AI can replicate communication, but it can’t replace connection. A handshake, a shared laugh between sessions, a spontaneous idea sketched on a napkin. Those moments still define who people want to work with.


Where Real Conversations Begin


Events like Money20/20 remind us that genuine dialogue doesn’t happen in a calendar invite; it happens in person. The atmosphere is different: people lower their guard, become curious again, and lean into discovery rather than defence.


You might chat with a potential partner you’ve emailed many times, but only click with once you meet on the floor. One meaningful conversation often reframes an entire relationship. That’s the quiet magic of event spaces; they make room for openness and serendipity.

But make no mistake, that kind of magic doesn’t just happen. It is built through careful and deliberate preparation.


Preparation Is Your Secret Weapon


Walking into a major event unprepared is like launching a product without market research. The groundwork determines the outcomes. Successful participation starts weeks in advance: study the attendee list, identify decision-makers, learn their pain points, and reach out with intention.


Use every channel available: event apps for scheduling, LinkedIn for introductions, and email for context. Be upfront about what you want. Most people are attending for the same reason: to meet others who can move their business forward.

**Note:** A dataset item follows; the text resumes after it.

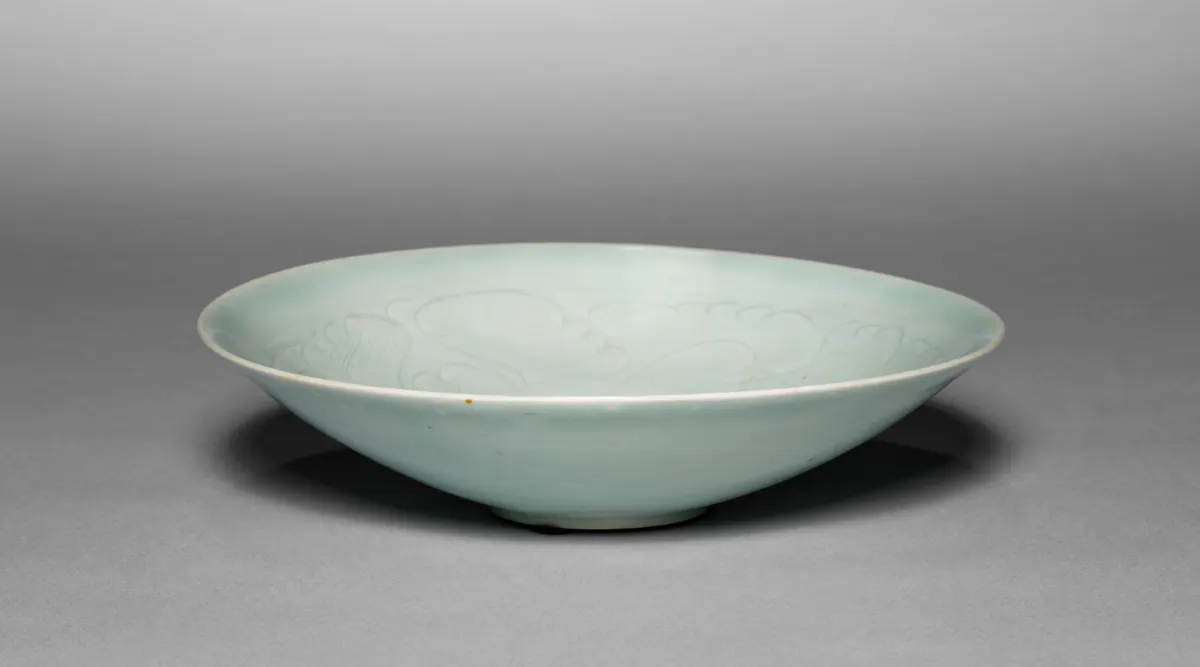 A shallow, wide qingbai dish on a small foot, the inside carved with flowing floral and wave-like scrolls where the pale blue glaze gathers more deeply.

The difference between wandering and winning the event lies entirely in preparation.


Representation Beyond the Booth


Physical presence matters, but representation goes deeper than showing up at a booth with a branded tote bag. It is about consistency, the rhythm of how your company communicates before, during, and after the event.

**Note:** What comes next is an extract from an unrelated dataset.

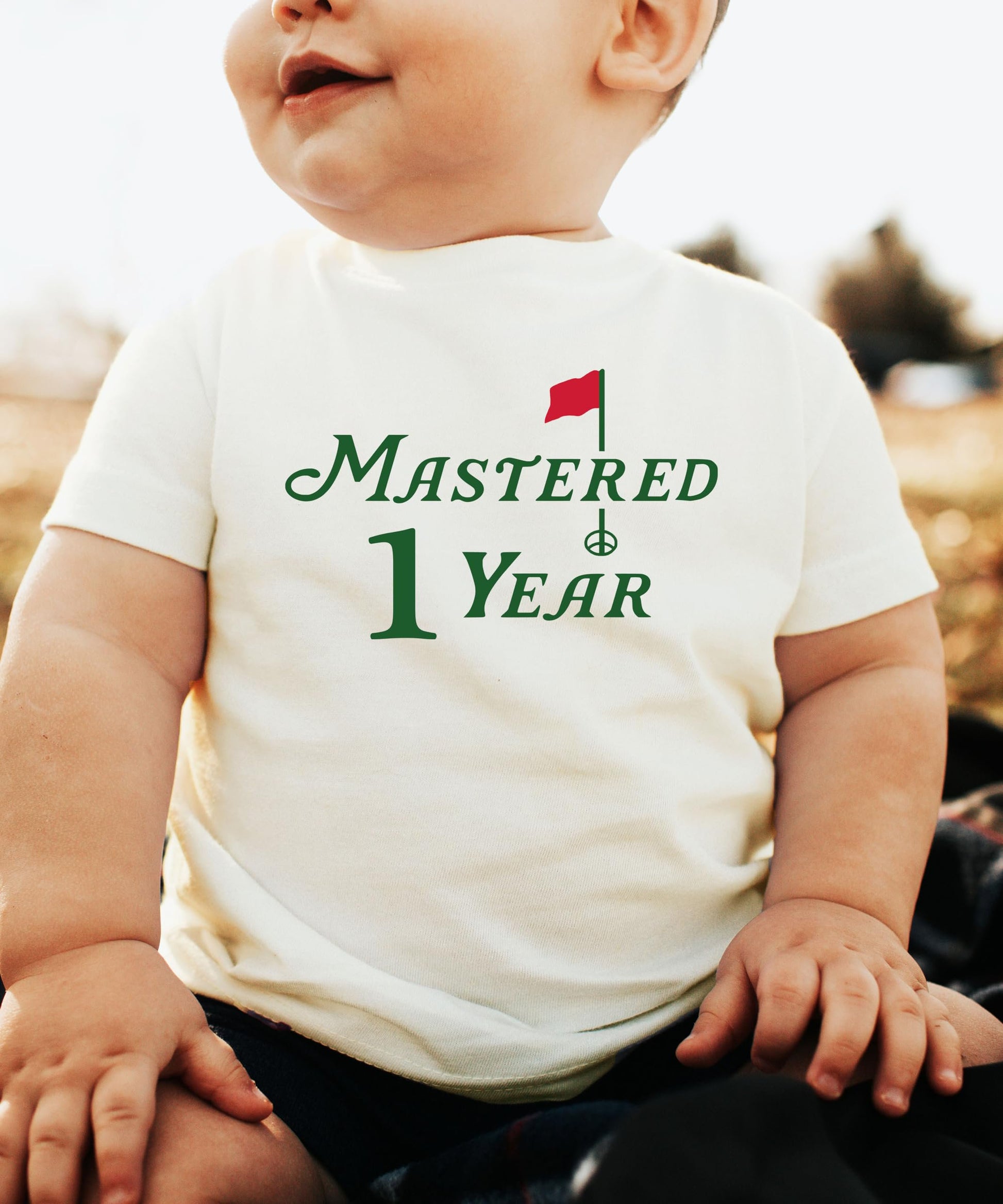 Close-up of Mastered 1 Year golf birthday shirt print on natural fabric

Thought leadership pieces, social media campaigns, speaking slots, and even post-event reflections help your brand stay top of mind. Together, they form the drumbeat of credibility that sustains awareness long after the lights go down.


That said, resources are finite, especially for startups. You can’t be everywhere. That’s why historical insight matters: track which events convert into real conversations, which ones open meaningful doors, and which ones are just noise. When you commit to an event, go all in. Be visible, intentional, and engaged.


Avoiding Costly Missteps


Event participation comes with its own set of pitfalls. One common mistake is overrepresentation. Sending a big team with no clear roles often dilutes your impact. Not every employee thrives in fast-paced, hyper-social environments. Two sharp, well-prepared ambassadors can outperform a crowd of uncoordinated attendees.


On the other hand, underrepresentation, showing up without preparation, without meetings lined up, or without any story to tell, wastes both time and budget.


Events are expensive stages. They reward clarity and penalise confusion. The companies that treat them like strategic campaigns, not social outings, consistently get better returns.


The Pulse of the Industry


Events aren’t just where deals are made. They’re where the industry’s future is negotiated. After attending several gatherings in a season, you start hearing recurring themes: shared pain points, emerging regulatory patterns, investor sentiment shifts.


This is how fintech narratives are built, through repetition and reflection. By staying close to the conversation, you don’t just keep up; you stay relevant.

For Startups: Join, Don’t Build Alone

For newer fintech players preparing for their first big event, here’s one unconventional truth: don’t do it all alone. Ecosystem integration takes time, typically several meaningful touchpoints before real traction forms.


Established networks already create those touchpoints continuously. Partnering with experienced event veterans, ecosystem connectors, or even co-exhibiting with complementary startups can accelerate your visibility. Leveraging others’ momentum isn’t weakness, it’s strategy.


Measuring the Real ROI


So how do you measure event success? Immediate deals are rare. The real ROI lies in relationship compounding, follow-ups, consistent post-event touchpoints, and thoughtful “great to meet you” messages that reference genuine conversations.

Business development in fintech has a rhythm, and events are the percussion that keeps it alive. And that’s exactly why showing up still matters.